Fort de son succès et de sa visibilité, uncoupdedés.net réactive et soumet le contenu existant à de nouvelles voix. En 2014 et 2015, plusieurs personnalités étrangères sont invitées, le temps d’une saison, à devenir nos éditorialistes. Il s’agira pour eux de mettre en perspective l’ensemble des contenus du magazine, et de les redéployer au prisme de leur subjectivité et de leurs propres contextes de travail.

Quatre personnalités reformuleront l’action des centres d’art dont ils auront pu percevoir divers aspects à travers le magazine : Catalina Lozano (Colombie), Zasha Colah (Inde), Moe Satt (Myanmar) et Manuela Moscoso (Brésil) : chaque rédacteur en chef « après coup » livrera ainsi un texte transversal, revisitant de façon originale la géographie résolument mouvante des centres d’art.

uncoupdedés.net réitère le défi à la manière du poème de Mallarmé, relancé par la science du montage cinématographique de Jean-Marie Straub et Danièle Huillet (Toute révolution est un coup de dés, 1977). Les invités, provenant d’horizons multiples, élargiront encore davantage le cercle de la parole.

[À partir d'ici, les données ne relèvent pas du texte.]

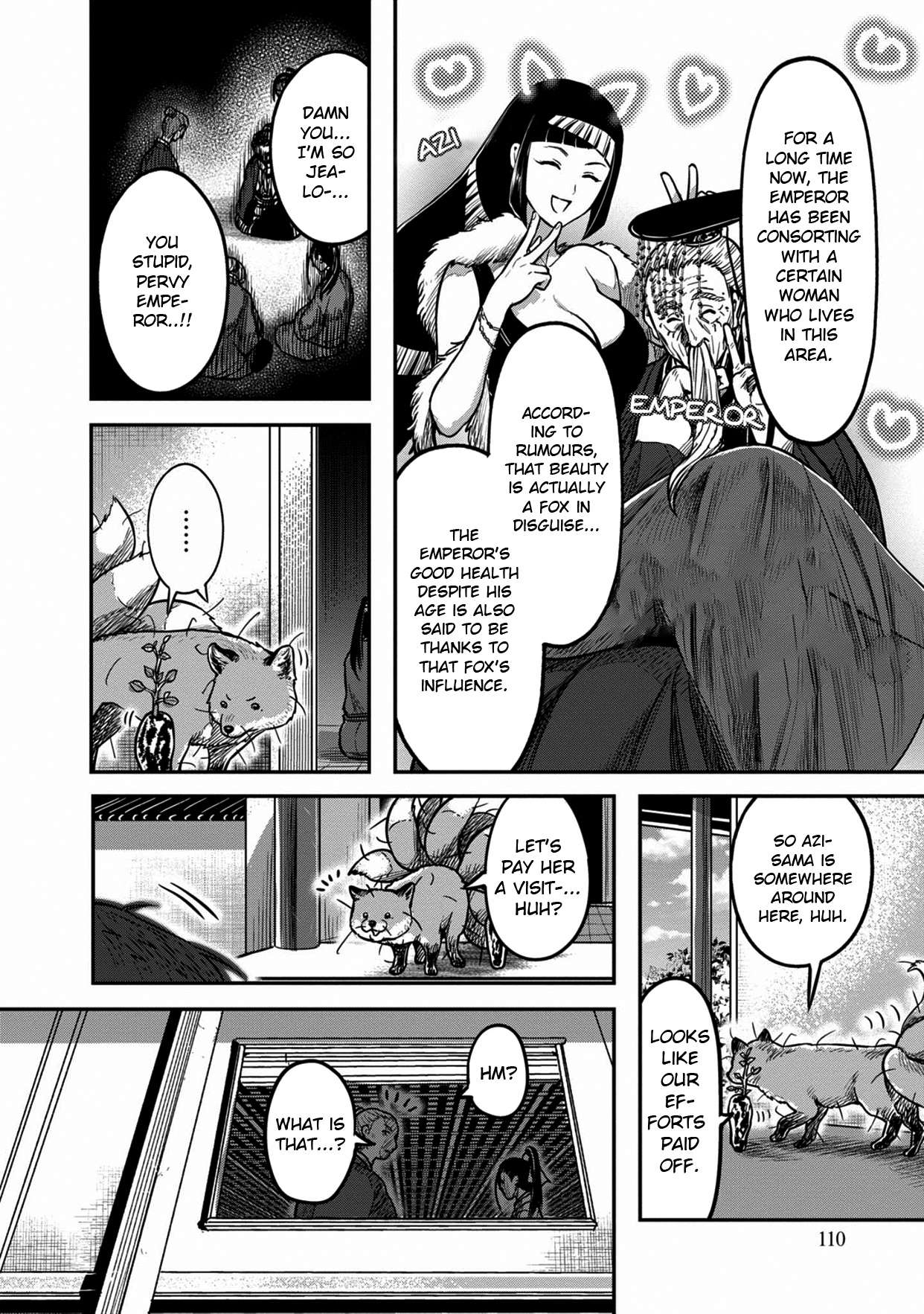 Page 6 of Chapter 12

Chorale et fragmentaire, uncoupdedés.net tient autant du puzzle que du memory et en appelle naturellement à tous les redécoupages possibles…

MANUELA MOSCOSO

(Sao Paulo, Brésil)

Commissaire d’exposition basée au Brésil, Manuela Moscoso a notamment été commissaire de la 12ème Biennale de Cuenca, Equateur, de l’exposition Yael Davis au Museo de Arte (Rio de Janeiro, Brésil), Fisicisimos, à l’Université Torcuato di Tella, The Queens Biennale au Queens Museum à New York et Before Everything au CA2M (Madrid). Elle forme, avec Sarah Demeuse, Rivet, une agence curatoriale qui explore les notions de déploiement, circulation, pratique, et résonance. Leur recherche a pris corps à travers plusieurs projets en Espagne, en Norvège, au Liban et aux Etats-Unis. Manuela Moscoso est diplômée du Centre des études curatoriales du Bard College.